コンセプトは“ジャズと自然”。ロンドンで注目を集める日本人ミクソロジストの店

England [London]

2025.06.30

コンセプトは“ジャズと自然”。ロンドンで注目を集める日本人ミクソロジストの店

text by Yuka Hasegawa
「ホワイトアスパラガスとグリーンピースのカクテル」(18ポンド)。旬の素材を使って、季節の機微が見事に体現されている。

バーカルチャーの発信地であり、「世界のベスト・バー50 」には毎年何軒もの店がランクインするロンドン。歴史を誇る五ツ星ホテル内のクラシックな老舗バーから、クリエイティビティあふれるミクソロジストがシェイカーを振る新進気鋭な独立系の店まで、ロンドンのバーシーンは常に多彩でエキサイティングだ。

そんな中、2025年4月上旬、日本人ミクソロジスト鳥潟彦人(とりがたげんと)氏が東ロンドンに開業した「ワルツ(Waltz)」が、メディアやバー業界の人々の熱い視線を一身に浴びている。

コンセプトは“ジャズと自然”。

「日本人であること、日本のバーテンディングの経験があることを前面に出して、ロンドンのバー市場に新しい価値を吹き込みたかった」と語る鳥潟氏。四季を通じて移り変わる自然や風景、食べ物や香りを楽しむといった、日本人が持つ季節の機微を反映し、地元イギリスやヨーロッパの旬の素材を使ってカクテルを構成しようと思ったという。特に、季節の節目を表す旧暦の言葉として日本人が元来親しんできた、「立春」や「立夏」などの二十四節気や七十二候などから、大きなインスピレーションを得ているそうだ。

カクテルメニュー
カクテルメニューの1ページ目に、さりげなく日英併記されている、「二十四節気」と「七十二候」。来店客は、カクテルを選ぶ前にこれらの言葉に触れ、季節を感じながらカクテル・リストのページをめくることに。ワルツでは、このような鳥潟氏の繊細な演出が店内に散りばめられている。

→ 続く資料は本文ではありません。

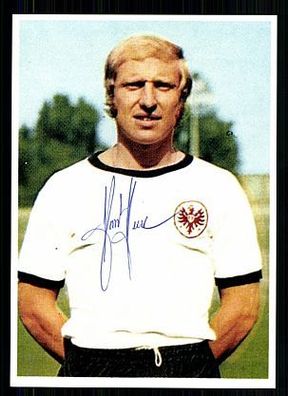 Horst Heese Eintracht Frankfurt 70er Jahre Autogrammkarte Original Signiert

例えば5月は、英国ではホワイトアスパラガスやグリーンピースが市場に出回り始める頃。
「常に素材がもつナチュラルな味わいをそのまま残すよう、どうやって仕込みをするかを考えます。季節のカクテル(写真トップ)は、ウォッカにホワイトアスパラをインフューズさせ、ガーニッシュとして新鮮な生のグリーンピースを添えました。また、自宅の近所に咲く1年のうちに2週間しか花が咲かないゴース(ハリエニシダ)の花を摘み、その香りを閉じ込めた自家製コーディアル、ラム、芋焼酎・赤霧島などを使ったカクテルは、まさに今の時期しか味わえない一杯です」

メニューには、季節のオリジナルカクテル8種の他、「マッチャ・オールド・ファッション」、個性的な日本酒と塩麹と使った「ギブソン」など、エッジを効かせたクラッシックカクテルも揃う。

菊芋と赤味噌のウイスキーサワー
「菊芋と赤味噌のウイスキーサワー」(17ポンド)。「菊芋は低温調理でバーボンに漬け込み、赤味噌は減圧蒸溜を施し、それらの風味のみをカクテルに落とし込んでいます」と鳥潟氏。

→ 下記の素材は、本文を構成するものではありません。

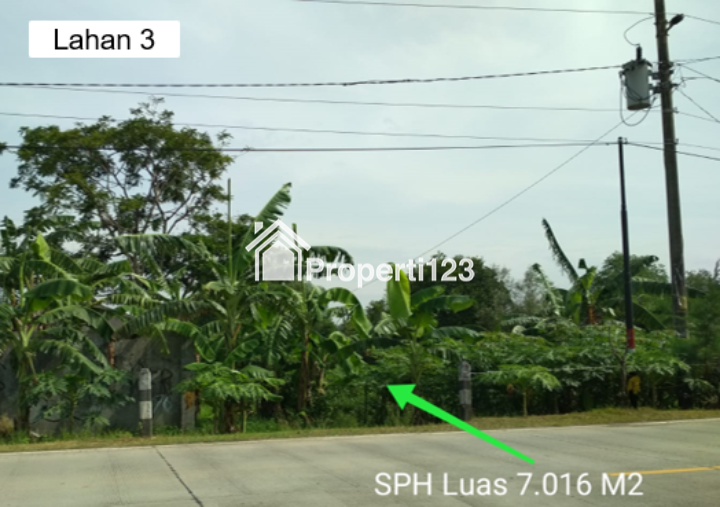 Jual Lahan Kosong di Jl. Lingkar Timur Cilacap, dekat RS Pertamina Cilacap (Harga per m2) - 4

大学時代からジャズをこよなく愛しているという、鳥潟氏。店の名前は、氏がジャズの世界に興味を持つきっかけとなったビル・エバンスの「ワルツ・フォー・デビイ」から。楡の木を使った、全長8メートルのバーの奥に鎮座するスピーカーから流れる、奥深いジャズの音色が店内に広がる。

「ジャズの“インプロヴィゼーション(即興演奏)”は、カクテルバーに通じるものがあると思います。同じ素材を使って同じようにカクテルを作っても、カウンター越しのバーテンダーとの会話などにより、お客さんがバーで過ごす時間や空間が、その時々で変わってくる」

開業から2カ月、夕方の5時のオープン時間には、入店を待つ行列ができるという。まさにロンドンの知る人ぞ知るホットスポットだ。

バーカウンター
カウンター奥の壁一面に配された、深い藍色をバックに、鳥の群れのモチーフにした20メートルのアートワークは圧巻だ。また、迫力ある木目が存在感を放つ、オーセンティックな楡の木製バーカウンター、ナチュラルかつスタイリッシュなスツールなど、店内には、研ぎ澄まされた美意識がそこここ見受けられる。
鳥潟彦人氏
鳥潟彦人氏は1988年東京生まれ。大学では西洋哲学を専攻。卒業後はフレンチレストラン、洋菓子店の厨房を経て、2013年に銀座の老舗「エルロン」にてバーテンダーとしてのキャリアをスタート。その後シンガポールを経て、21年に渡英。ロンドンの名店でバーマネージャーを務めて、25年独立。「英国にまだ存在しない日本のバースタイルを正しくオーセンティックに実践していきたい。とはいえ、フォーマルすぎて居心地が悪い、コミュニケーションが取りづらい、料金形態がわからない、など外国人が日本のバーを訪れて不安や不満に思う要素を、極力排除していきたい」

*1ポンド=195円(2025年6月時点)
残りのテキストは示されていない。